Prodotto dal paroliere di King Crimson, Pete Sinfield, l’album “Roxy Music” esce nel marzo 1972. Pubblicato nella stessa settimana di “Ziggy Stardust”, entrò nelle classifiche degli album nel Regno Unito alla fine di luglio del 1972. Bryan Ferry non immaginava che l’album avrebbe potuto raggiungere un pubblico mainstream. «Abbiamo pensato agli studenti d’arte, gente come noi, un pubblico di nicchia. Quando ho sentito “Virginia Plain” alla radio di mezzogiorno ho capito che avevamo sfondato. Ascoltare “Virginia Plain” alla radio sembrava … qualcosa. O vedere l’album riempire la vetrina del negozio di dischi in King’s Road… È stato molto commovente per me. Passeggiavo tutta la notte davanti a quella vetrina, non potevo crederci. Era così bello vedere l’immagine ripetuta».

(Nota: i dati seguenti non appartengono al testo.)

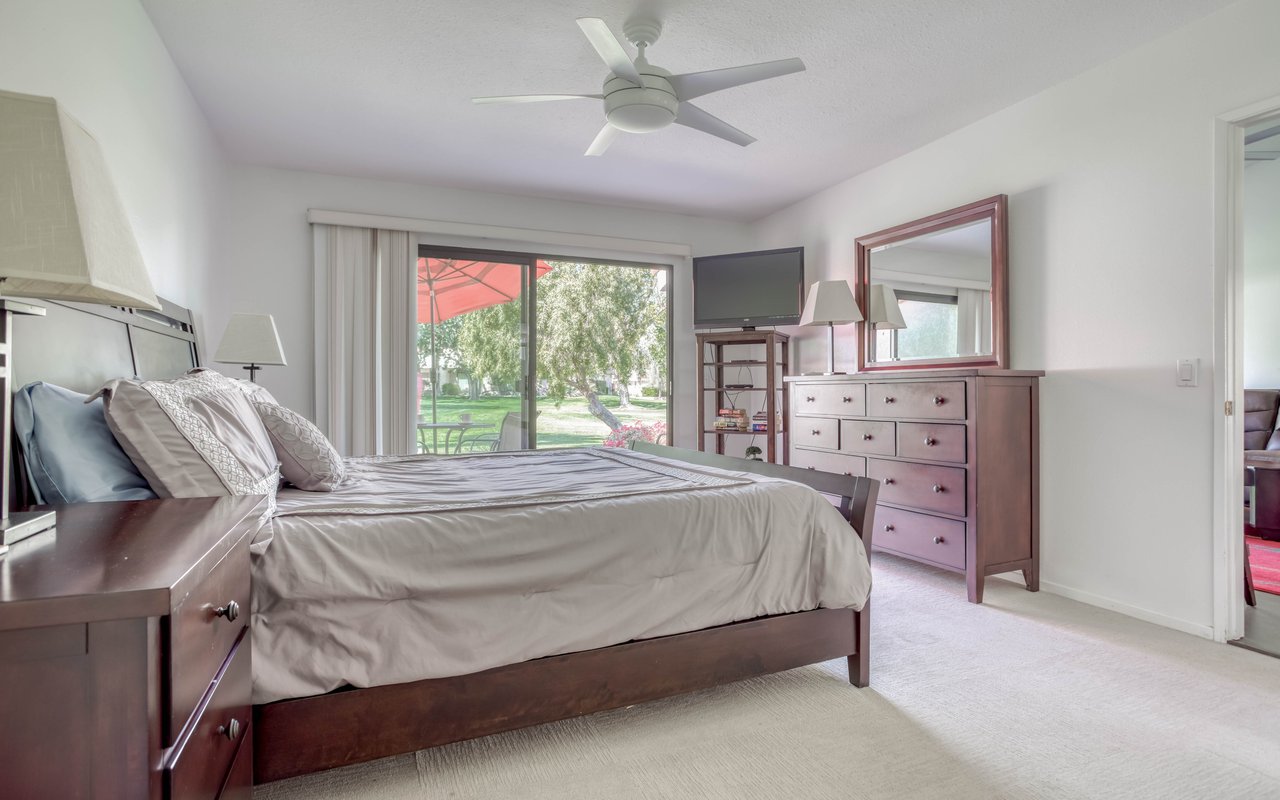 King bedroom with TV and Dresser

Nostalgico, avanguardista, sentimentale, decadente, Bryan Ferry è uno dei pochi artisti che può vantarsi di avere diversi imitatori e nessun epigono. David Bowie lo ha definito «il miglior autore di testi di tutta la scena britannica». La sua musica resiste al tempo, i suoi tour registrano il “sold out” dall’Oceania alla Lapponia. La sua gente lo ama così com’è: sofisticato, struggente, quasi costretto a un look sempre impeccabile. Un Cary Grant del rock. Lo ami o lo detesti. Un dandy sempre in bilico tra la stravaganza del rocker e la raffinatezza del crooner. Ora con l’età che avanza il secondo ha preso il sopravvento.
«Man mano che invecchio continuo ad andare indietro negli anni. Quando ho iniziato a fare dischi, volevo fare qualcosa del nostro tempo, la musica moderna» ammette. E spiega: «Oggi non c’è molta melodia oggi nella musica moderna. Si assiste a una enorme banalizzazione: è tutta una questione di ritmo e battiti e di tanto in tanto c’è un disco hip hop in cui c’è una ragazza che canta nella parte centrale e si ottiene una melodia. Per quanto riguarda le rock band, trovo la maggior parte interessante, ma, per quanto buoni possano essere, sembra che suonano come una persona di 20 o 30 anni fa. L’ultimo vero talento è stata Amy Winehouse».